(ATF) Hong Kong: Asian bulls were enthused by US Federal Reserve assurance that inflation was transitory, comments that lifted risk assets on relief that monetary conditions in the world’s largest economy would not be tightened anytime soon.
Federal Reserve Governor Christopher J. Waller said overnight that despite the unexpectedly high CPI inflation report, the “factors putting upward pressure on inflation are temporary, and an accommodative monetary policy continues to have an important role to play in supporting the recovery.”
That assurance boosted US Treasuries, sending the 10-year yield tumbling 4 basis points to 1.64%.
Japan’s Nikkei 225 index jumped 2.32%, Australia’s S&P ASX 200 advanced 0.45%, Hong Kong’s Hang Seng index rose 1.11%, China’s CSI300 soared 2.36%. Regionally, the MSCI Asia Pacific index added 1.61%.
Tech gains
“If core inflation in May and June peaks near 3% before falling back towards 2% during the rest of 2021, then the Fed will support risk assets still by not tapering its bond buying this year,” said Mansoor Mohi-uddin, Chief Economist at Bank of Singapore.
“Thus, the central bank would still benefit risk assets by not tapering its quantitative easing until 2022 nor lifting interest rates until 2024.”
Expensive growth stocks, which are sensitive to higher interest rates, rallied on this news with the tech sector leading the gains. However, with interest rates seen going up at a later stage the rotation into value stocks is expected to resume.

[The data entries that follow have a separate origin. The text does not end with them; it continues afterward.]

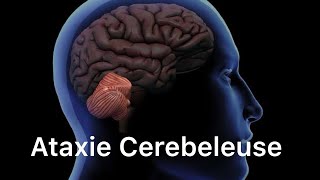 🔻 Comprendre LAtaxie cerebeleuse en 20 min seulement   Neurologie  4ème année medecine [upl. by Egdamlat244]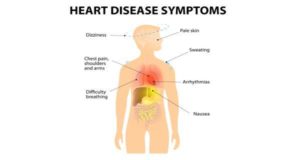 heart disease symptoms - chart pointing out various signs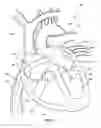 Fig. 03 - Ventricular assist device and related methods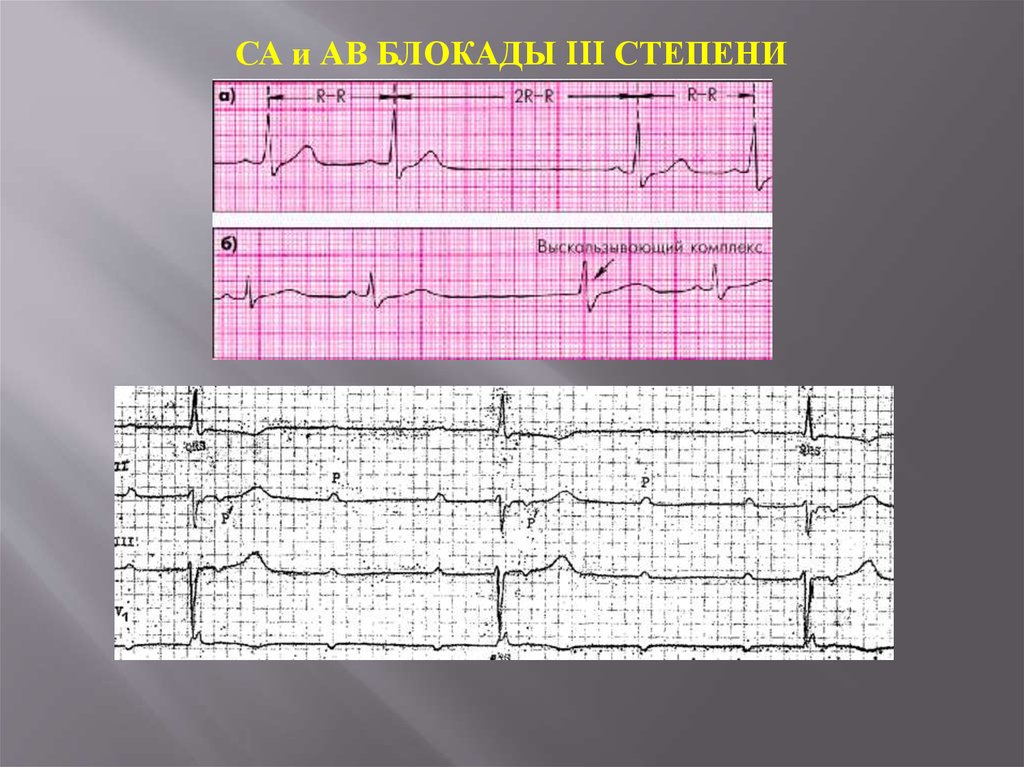 Экг 3. Критерия са блокады 3 степени на ЭКГ. Av-блокада II И III степени, синоатриальная блокада.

“Growth stocks, such as Big Tech, are valued more off future earnings growth and the rotation from growth to value stocks is already evident in this year’s performance, where the S&P 500 is up nearly 10% versus Nasdaq’s 2%,” said Chris Turner, ING Bank’s Global Head of Markets. “The challenge for financial markets will be whether this is an orderly or disorderly rotation – e.g. whether Big Tech just under-performs or brings the overall market lower.”
Gold climbs
Reflecting some of these concerns on inflation gold prices jumped adding 0.6% to $1,836 per ounce.
Alleviating the inflation concern was the decline in prices of commodities. Iron ore continued its fall from a record amid efforts by China to clamp down on surging prices, with the metal set for the biggest two-day plunge since 2019.

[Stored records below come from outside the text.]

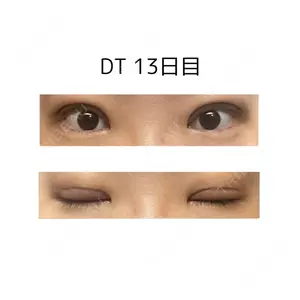 口コミ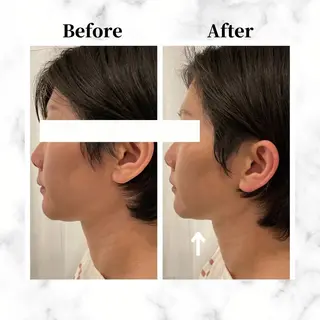 12Dハイフ💗 最強小顔のエステ・リラクイメージ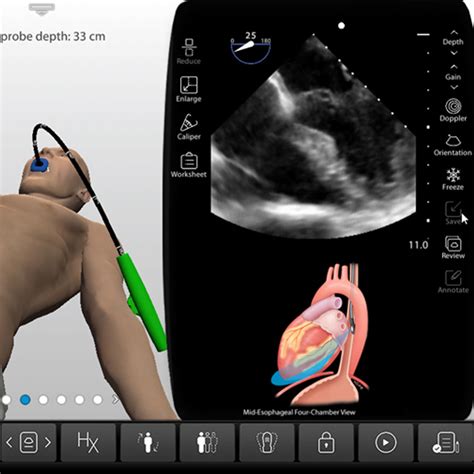 Transesophageal Echocardiogram TEE - Resuscitative TEE Ultrasound Training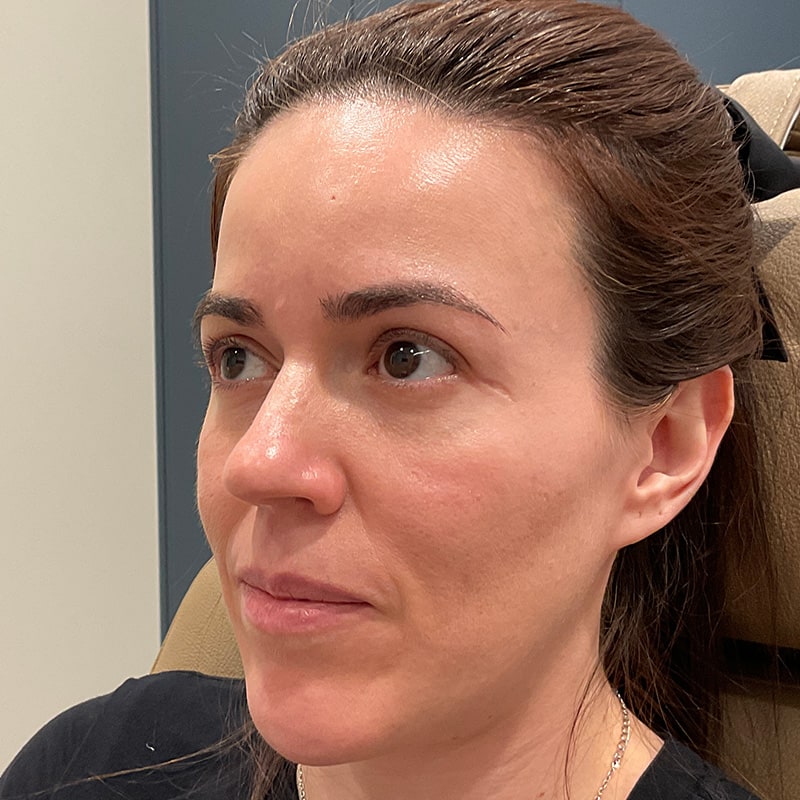 Full Facial Balancing Before & After Image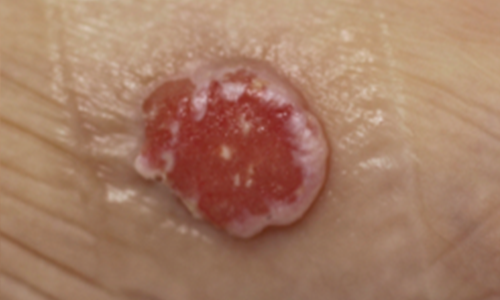 皮ふがん 悪性腫瘍 すがも小林皮フ科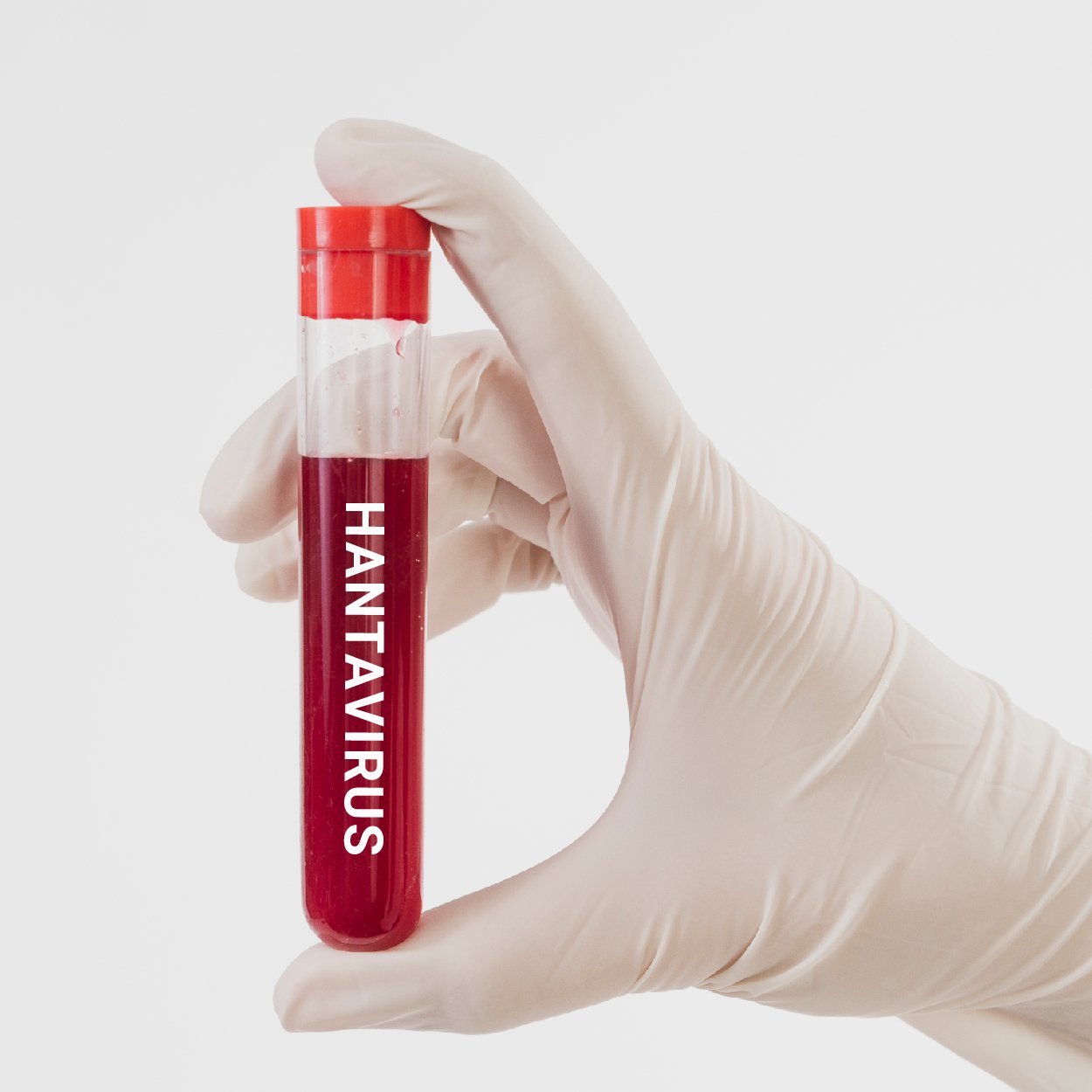 faqsquare faq hanta virus 600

Iron ore futures – now down more than 9% – reacted after officials in the city of Tangshan, a key steel producer, warned factories to maintain market order.
Still, markets are expected to remain volatile as divergent views on inflation and interest rates emerge.
“Surprising recovery in markets with the S&P rebounding off its medium term average. It’s clear that international investors are still minded to focusing on the positives and ignoring the negatives,” said Gary Dugan, CIO at Purple Asset Management.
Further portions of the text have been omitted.